Se reprenant, il plaqua une main sur la double rangée de boutons qui fermait sa veste, à hauteur de l’estomac, et se fendit d’une révérence maladroite. Regardant les quatre nouveaux venus, il ne put s’empêcher d’écarquiller les yeux quand son regard s’attarda sur Loial.
— Bienvenue, bonne maîtresse, et que la Lumière brille sur ton chemin. Bienvenue également, mes bons maîtres… Vous désirez vous rafraîchir, dîner puis dormir ? Il y a tout ce qu’il faut au Bond d’Harilin ! Le propriétaire, maître Harod, est très regardant sur la bonne tenue de son établissement. Moi, je me nomme Simion. Si vous avez besoin de quelque chose, appelez-moi, et vous l’aurez. (Bâillant de nouveau, l’employé se mit une main devant la bouche pour la cacher.) Désolé, bonne maîtresse, c’est la fatigue… Vous venez de loin ? Savez-vous ce qu’il en est de la Grande Quête du Cor de Valère ? Et le faux Dragon ? On raconte qu’il y en a un au Tarabon.
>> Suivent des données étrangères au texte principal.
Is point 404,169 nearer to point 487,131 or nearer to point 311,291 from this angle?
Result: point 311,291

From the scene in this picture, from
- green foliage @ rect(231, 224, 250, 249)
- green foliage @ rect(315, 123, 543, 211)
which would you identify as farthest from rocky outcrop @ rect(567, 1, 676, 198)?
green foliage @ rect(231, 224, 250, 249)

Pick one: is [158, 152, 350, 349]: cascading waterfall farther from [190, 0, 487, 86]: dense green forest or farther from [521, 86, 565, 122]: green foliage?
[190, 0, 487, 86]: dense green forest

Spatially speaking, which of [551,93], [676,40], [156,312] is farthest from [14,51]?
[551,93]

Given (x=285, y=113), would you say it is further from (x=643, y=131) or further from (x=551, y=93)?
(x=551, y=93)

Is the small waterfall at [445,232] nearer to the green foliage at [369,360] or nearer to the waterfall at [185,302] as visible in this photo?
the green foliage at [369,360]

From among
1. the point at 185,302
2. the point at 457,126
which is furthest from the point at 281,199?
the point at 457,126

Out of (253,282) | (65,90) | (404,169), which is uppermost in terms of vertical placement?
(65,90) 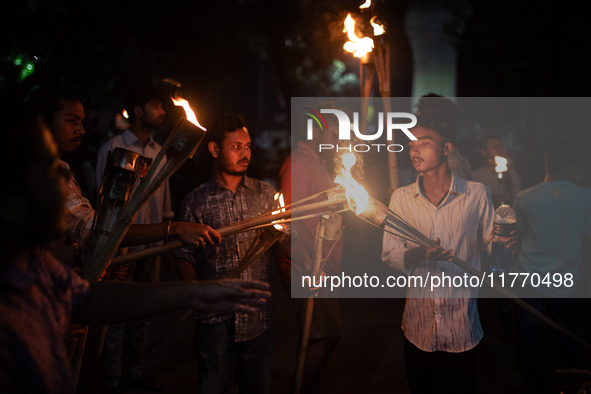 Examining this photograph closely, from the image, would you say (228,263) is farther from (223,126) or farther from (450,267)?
(450,267)

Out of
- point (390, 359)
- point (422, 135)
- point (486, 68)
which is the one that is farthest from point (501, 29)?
point (422, 135)

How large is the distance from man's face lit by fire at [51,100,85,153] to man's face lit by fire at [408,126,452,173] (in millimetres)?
2080

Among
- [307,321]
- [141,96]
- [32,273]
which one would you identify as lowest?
[307,321]

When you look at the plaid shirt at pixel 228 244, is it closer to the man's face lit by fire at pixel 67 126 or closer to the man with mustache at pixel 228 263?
the man with mustache at pixel 228 263

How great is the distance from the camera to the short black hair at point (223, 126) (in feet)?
11.8

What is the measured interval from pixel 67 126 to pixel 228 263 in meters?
1.30

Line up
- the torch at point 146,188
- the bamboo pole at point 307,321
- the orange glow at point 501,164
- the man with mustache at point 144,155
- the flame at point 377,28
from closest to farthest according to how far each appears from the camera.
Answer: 1. the torch at point 146,188
2. the bamboo pole at point 307,321
3. the flame at point 377,28
4. the orange glow at point 501,164
5. the man with mustache at point 144,155

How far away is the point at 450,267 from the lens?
10.6ft

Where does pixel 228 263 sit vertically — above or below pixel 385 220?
A: below

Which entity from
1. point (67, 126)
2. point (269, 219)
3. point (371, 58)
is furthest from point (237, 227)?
point (371, 58)

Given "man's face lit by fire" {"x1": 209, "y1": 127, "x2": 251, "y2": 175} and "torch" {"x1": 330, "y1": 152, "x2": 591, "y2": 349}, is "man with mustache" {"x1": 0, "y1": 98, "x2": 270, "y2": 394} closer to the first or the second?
"torch" {"x1": 330, "y1": 152, "x2": 591, "y2": 349}

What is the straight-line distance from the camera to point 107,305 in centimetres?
183

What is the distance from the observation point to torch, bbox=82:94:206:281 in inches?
87.2

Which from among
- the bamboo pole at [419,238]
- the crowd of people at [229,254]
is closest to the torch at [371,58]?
the crowd of people at [229,254] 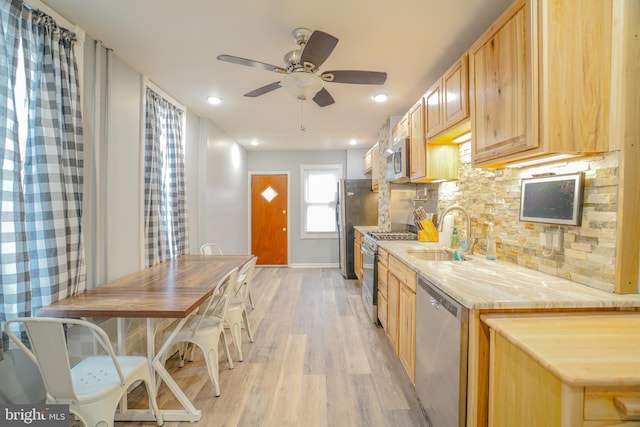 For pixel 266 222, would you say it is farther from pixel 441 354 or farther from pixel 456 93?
pixel 441 354

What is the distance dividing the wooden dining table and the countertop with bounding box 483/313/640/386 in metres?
1.56

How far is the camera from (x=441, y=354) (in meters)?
1.47

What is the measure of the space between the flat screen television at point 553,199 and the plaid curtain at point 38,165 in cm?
281

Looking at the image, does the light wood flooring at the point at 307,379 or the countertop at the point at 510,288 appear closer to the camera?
the countertop at the point at 510,288

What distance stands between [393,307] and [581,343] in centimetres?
162

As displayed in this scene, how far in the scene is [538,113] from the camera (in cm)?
128

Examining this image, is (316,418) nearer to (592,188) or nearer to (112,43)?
(592,188)

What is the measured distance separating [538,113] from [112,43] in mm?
2736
Ou peut-être en Arad Doman…
— Nous ne venons pas de si loin, dit Lan en se laissant glisser de sa selle. Sur tous ces sujets, vous en savez sûrement plus long que moi…
Les trois autres voyageurs mirent pied à terre.
— Vous avez célébré un mariage ? demanda Moiraine.
— Un mariage, ma bonne maîtresse ? Non, une avalanche de mariages ! Comme s’il y avait une épidémie, et tout ça en deux petits jours. Au village et à une lieue à la ronde, il ne reste pas une célibataire parmi les femmes en âge de prononcer leurs vœux. Jusqu’à la veuve Jorath qui a tiré le vieux Banas sous les arches ! Pourtant, ils avaient juré tous les deux de ne jamais se remarier. On aurait cru qu’une sorte de folie s’emparait de tout le monde. La fille du tisserand, Rilith, a demandé à Jon le forgeron de l’épouser. Ne faisant ni une ni deux, ce vieux fou a enlevé son tablier avant de répondre par un « oui » tonitruant. Pourtant, il a largement l’âge d’être le père de Rilith… La gaillarde a demandé qu’on installe les arches sur-le-champ, parce qu’elle refusait d’attendre, comme l’exigent pourtant les convenances, et toutes les femmes l’ont soutenue. Depuis, on se marie nuit et jour à Jarra. Plus personne ne ferme l’œil, mais c’est comme ça…
— Votre histoire est passionnante, dit Perrin quand Simion fut obligé de s’interrompre pour bâiller, mais auriez-vous vu un jeune… ?
— Une histoire fascinante, oui, intervint Moiraine, clouant le bec au jeune homme. Je serais ravie d’entendre la suite, mais avant, nous voudrions louer des chambres et prendre un bon repas.
Très discrètement, Lan fit un petit signe de la main à Perrin pour lui indiquer de tenir sa langue.
— Bien entendu, ma bonne maîtresse… Des chambres, un bon repas… (Simion regarda de nouveau Loial.) Il faudra prévoir deux lits mis bout à bout pour votre… (Il se pencha vers Moiraine et baissa la voix.) Ne soyez pas vexée, bonne maîtresse, mais qui est-il, votre grand compagnon ? Oui, qui est-il exactement ?
À voir frémir les oreilles de Loial, Perrin conclut que le balayeur n’avait pas parlé assez doucement.
— Je suis un Ogier ! Tu me prenais pour quoi, mon brave ? Un Trolloc ?
Surpris par la voix de stentor de l’Ogier, Simion recula d’un pas.